§ **Supplied information**:

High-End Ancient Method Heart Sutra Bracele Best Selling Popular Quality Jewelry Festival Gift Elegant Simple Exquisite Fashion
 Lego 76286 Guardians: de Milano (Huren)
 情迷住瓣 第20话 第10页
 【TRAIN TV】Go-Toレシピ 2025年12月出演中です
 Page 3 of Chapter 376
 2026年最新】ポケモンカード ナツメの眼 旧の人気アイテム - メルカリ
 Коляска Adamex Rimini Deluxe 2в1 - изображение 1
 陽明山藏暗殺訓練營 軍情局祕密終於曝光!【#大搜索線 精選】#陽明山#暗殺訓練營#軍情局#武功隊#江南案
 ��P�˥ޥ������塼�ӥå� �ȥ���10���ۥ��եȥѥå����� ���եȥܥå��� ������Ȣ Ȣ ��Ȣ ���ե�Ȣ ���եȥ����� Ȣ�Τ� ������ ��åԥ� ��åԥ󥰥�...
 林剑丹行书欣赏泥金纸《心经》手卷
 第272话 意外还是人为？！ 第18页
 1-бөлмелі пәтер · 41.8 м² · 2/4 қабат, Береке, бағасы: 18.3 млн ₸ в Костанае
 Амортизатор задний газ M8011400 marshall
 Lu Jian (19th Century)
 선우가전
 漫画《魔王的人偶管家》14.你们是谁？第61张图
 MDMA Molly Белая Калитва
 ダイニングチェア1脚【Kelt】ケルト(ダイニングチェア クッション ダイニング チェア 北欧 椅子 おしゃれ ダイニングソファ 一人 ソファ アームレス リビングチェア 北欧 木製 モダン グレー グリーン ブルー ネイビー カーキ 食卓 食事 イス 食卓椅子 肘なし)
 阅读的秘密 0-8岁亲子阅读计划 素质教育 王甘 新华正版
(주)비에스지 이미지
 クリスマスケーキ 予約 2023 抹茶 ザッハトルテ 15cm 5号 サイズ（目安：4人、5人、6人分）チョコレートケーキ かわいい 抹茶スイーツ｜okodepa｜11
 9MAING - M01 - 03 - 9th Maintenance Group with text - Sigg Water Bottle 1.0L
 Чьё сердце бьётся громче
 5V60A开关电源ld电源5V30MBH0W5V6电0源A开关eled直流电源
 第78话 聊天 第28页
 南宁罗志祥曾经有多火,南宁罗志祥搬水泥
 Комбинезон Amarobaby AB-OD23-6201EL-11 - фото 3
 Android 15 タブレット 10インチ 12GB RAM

§ **Directions for this task**:
From the first line to the last, repeat the records exactly.

§ **Answer to this task**:
High-End Ancient Method Heart Sutra Bracele Best Selling Popular Quality Jewelry Festival Gift Elegant Simple Exquisite Fashion
 Lego 76286 Guardians: de Milano (Huren)
 情迷住瓣 第20话 第10页
 【TRAIN TV】Go-Toレシピ 2025年12月出演中です
 Page 3 of Chapter 376
 2026年最新】ポケモンカード ナツメの眼 旧の人気アイテム - メルカリ
 Коляска Adamex Rimini Deluxe 2в1 - изображение 1
 陽明山藏暗殺訓練營 軍情局祕密終於曝光!【#大搜索線 精選】#陽明山#暗殺訓練營#軍情局#武功隊#江南案
 ��P�˥ޥ������塼�ӥå� �ȥ���10���ۥ��եȥѥå����� ���եȥܥå��� ������Ȣ Ȣ ��Ȣ ���ե�Ȣ ���եȥ����� Ȣ�Τ� ������ ��åԥ� ��åԥ󥰥�...
 林剑丹行书欣赏泥金纸《心经》手卷
 第272话 意外还是人为？！ 第18页
 1-бөлмелі пәтер · 41.8 м² · 2/4 қабат, Береке, бағасы: 18.3 млн ₸ в Костанае
 Амортизатор задний газ M8011400 marshall
 Lu Jian (19th Century)
 선우가전
 漫画《魔王的人偶管家》14.你们是谁？第61张图
 MDMA Molly Белая Калитва
 ダイニングチェア1脚【Kelt】ケルト(ダイニングチェア クッション ダイニング チェア 北欧 椅子 おしゃれ ダイニングソファ 一人 ソファ アームレス リビングチェア 北欧 木製 モダン グレー グリーン ブルー ネイビー カーキ 食卓 食事 イス 食卓椅子 肘なし)
 阅读的秘密 0-8岁亲子阅读计划 素质教育 王甘 新华正版
(주)비에스지 이미지
 クリスマスケーキ 予約 2023 抹茶 ザッハトルテ 15cm 5号 サイズ（目安：4人、5人、6人分）チョコレートケーキ かわいい 抹茶スイーツ｜okodepa｜11
 9MAING - M01 - 03 - 9th Maintenance Group with text - Sigg Water Bottle 1.0L
 Чьё сердце бьётся громче
 5V60A开关电源ld电源5V30MBH0W5V6电0源A开关eled直流电源
 第78话 聊天 第28页
 南宁罗志祥曾经有多火,南宁罗志祥搬水泥
 Комбинезон Amarobaby AB-OD23-6201EL-11 - фото 3
 Android 15 タブレット 10インチ 12GB RAM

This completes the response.